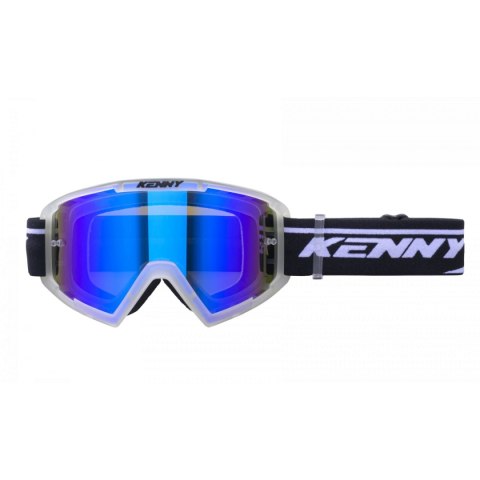 KENNY RACING GOGLE TRACK+ CLEAR CRYSTAL-LENS PRZEŹROCZYSTY SZYBKA E LUSTRO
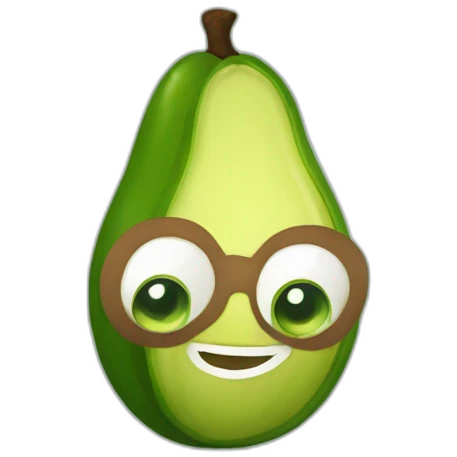 quiero que me des un aguacate divertido levantando pesas emoji
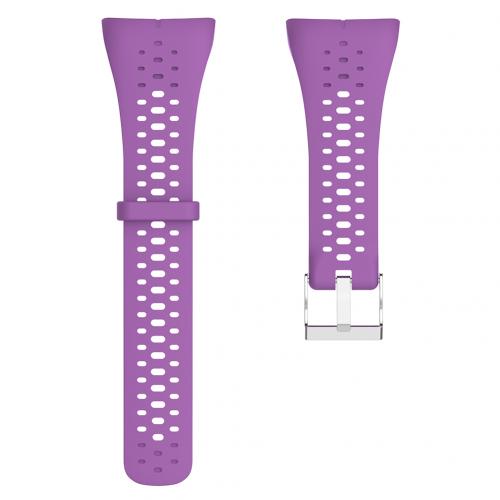 Correa de reloj de silicona hueca para deportes, pulsera inteligente Polar M400/430 GPS: Purple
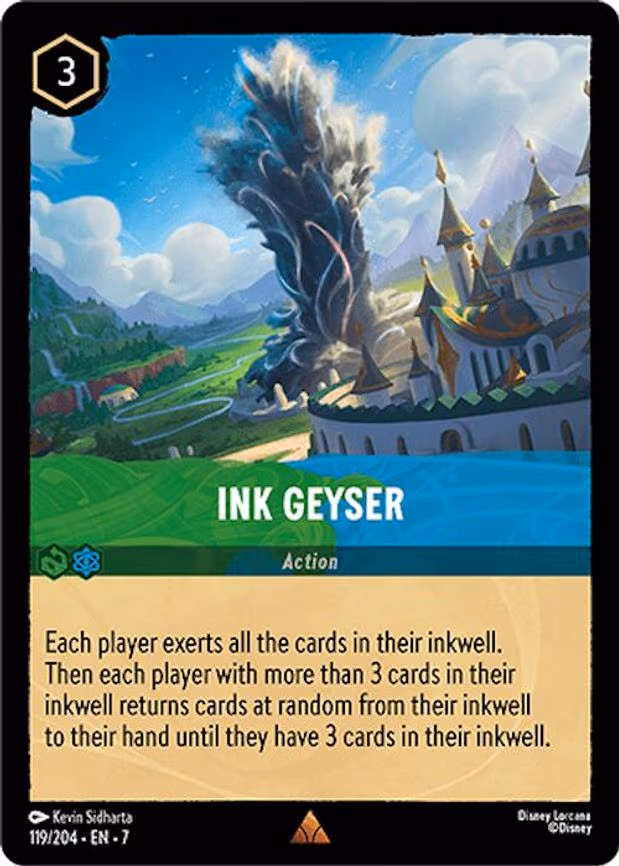 Ink Geyser - Rare (119/204)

━━━━━━━━━━━━━━━━━━━━━━━━━━━━━━

> [ABOUT THIS EXERCISE]:
Reprint the listing above exactly, without images.

> [RESPONSE TO THIS TASK]:
 KENNY RACING GOGLE TRACK+ CLEAR CRYSTAL-LENS PRZEŹROCZYSTY SZYBKA E LUSTRO
 quiero que me des un aguacate divertido levantando pesas emoji
 Correa de reloj de silicona hueca para deportes, pulsera inteligente Polar M400/430 GPS: Purple
 Ink Geyser - Rare (119/204)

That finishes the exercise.